1. Consider your audience.
I can speak to the person looking at your materials in academia:- Tenure/Tenure-track professor. Depending on the level, an advanced postdoc may also be reading and giving input.
- They are likely short on time and have too many applications to look at.
- They might have had bias training (or similar). But this depends on the university, state, and country.
- Despite bias training, there are still (debatably) less nefarious biases we all have, such as, "do I recognize a collaborator/activity/workshop/reputable mentorship program/university this person is associated with?"

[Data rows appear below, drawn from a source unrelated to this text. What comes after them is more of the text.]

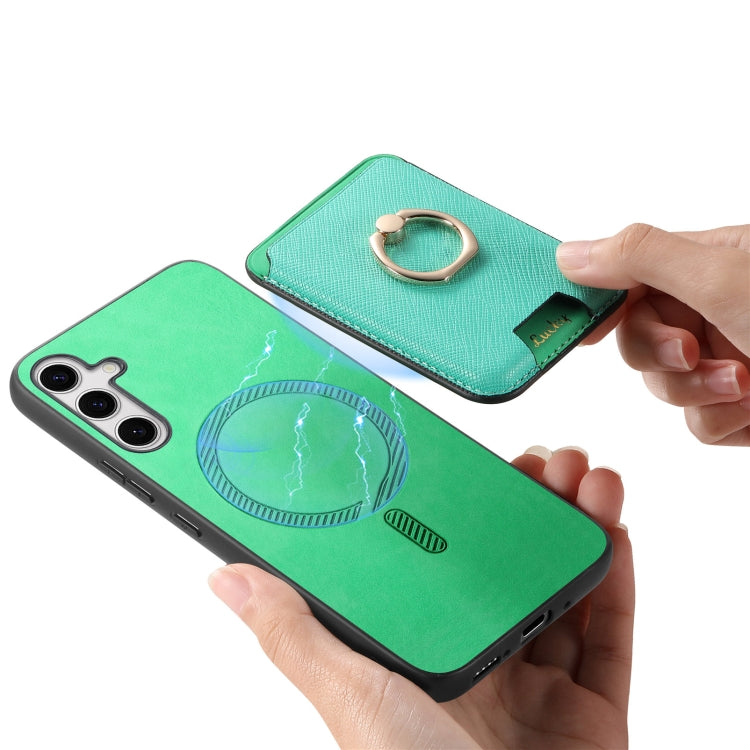 For Samsung Galaxy S25 5G Retro Cross Leather Ring Vertical Insert Card Bag MagSafe Phone Case(Green) - Galaxy S25 5G Cases by PMC Jewellery | Online Shopping South Africa | PMC Jewellery | Buy Now Pay Later Mobicred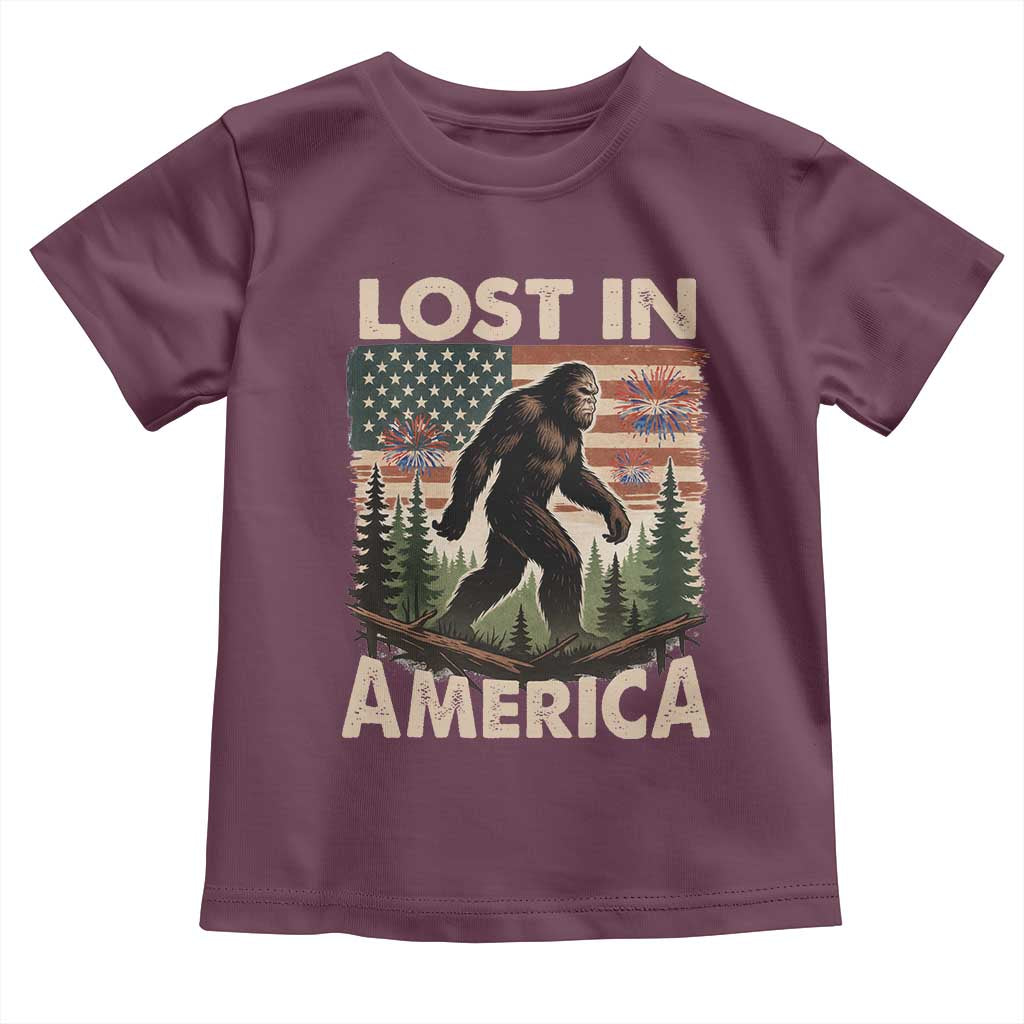 Funny 4th Of July Bigfoot Lost In America Toddler T Shirt Patriotic Sasquatch US Flag Fireworks - Wonder Print Shop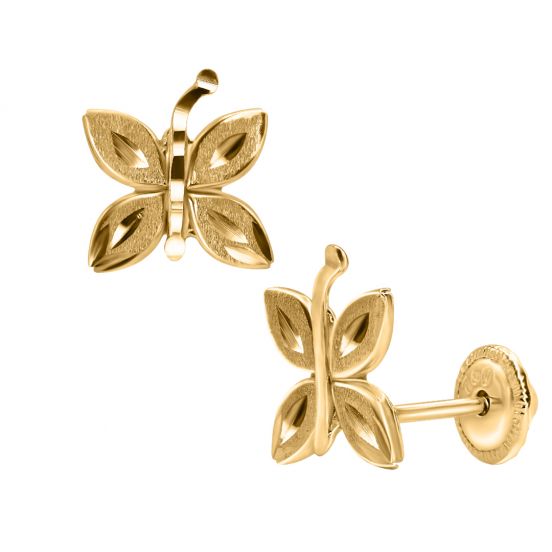 Shop Tiny Butterfly 18K Gold Earrings Online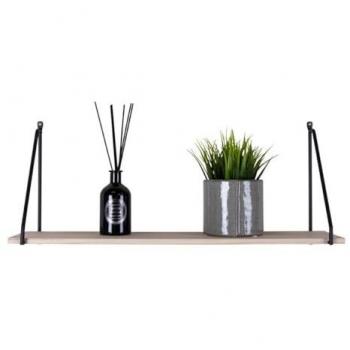 Estante Arnhem EPIKASA de Metal y Madera, Negro y Marrón, 17x65x27 cm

- Even if it is their first time looking at applications, and they are coming in with the best intentions, they will very quickly train themselves to look for what they consider vital information and tune out everything else.
2. Be brief, be specific.
Much of this item is related to the "overworked professor" trope, and its natural conclusion: they will train themselves to skim past anything that looks like fluff or filler. Even if the reader isn't overworked, being able to communicate your expertise concisely and effectively is a large part of what makes you an impressive candidate. I would suggest no more than two sentences on any one item.3. Avoid cliches. Bend the rules.
You need to stand out. If it feels like you're putting in verbiage, sections, etc, that feel pointless, ask yourself why (here, avoiding cliches aligns with being brief). If you are still building your confidence, and not sure if you are deleting something vital, ask a mentor.In bending the rules, know that unless an application says something like, "you may not include images" or "up to 2 pages" or "up to 2MB," be brave in expressing yourself in your CV! Even moreso for your other application materials! For example...
- Why not throw out the template entirely and format it yourself (if you have other things you want to procrastinate on, even better!)
- If you're an artist, why not border your CV with hand-drawn art? Vines and flowers? Sweet mathematical nothings?
- Why not include images of yourself; presenting, doing outreach events, etc?
- What about reordering sections and "cutting to the chase" if the position you're applying to is clearly seeking a very specific skillset?
Specific recommendations.
Finally, I'll give some more specific recommendations. Know that they're based on the principles above. Most of them aren't controversial.- Ordering. Chronological events are all in reverse chronological order (most recent things first).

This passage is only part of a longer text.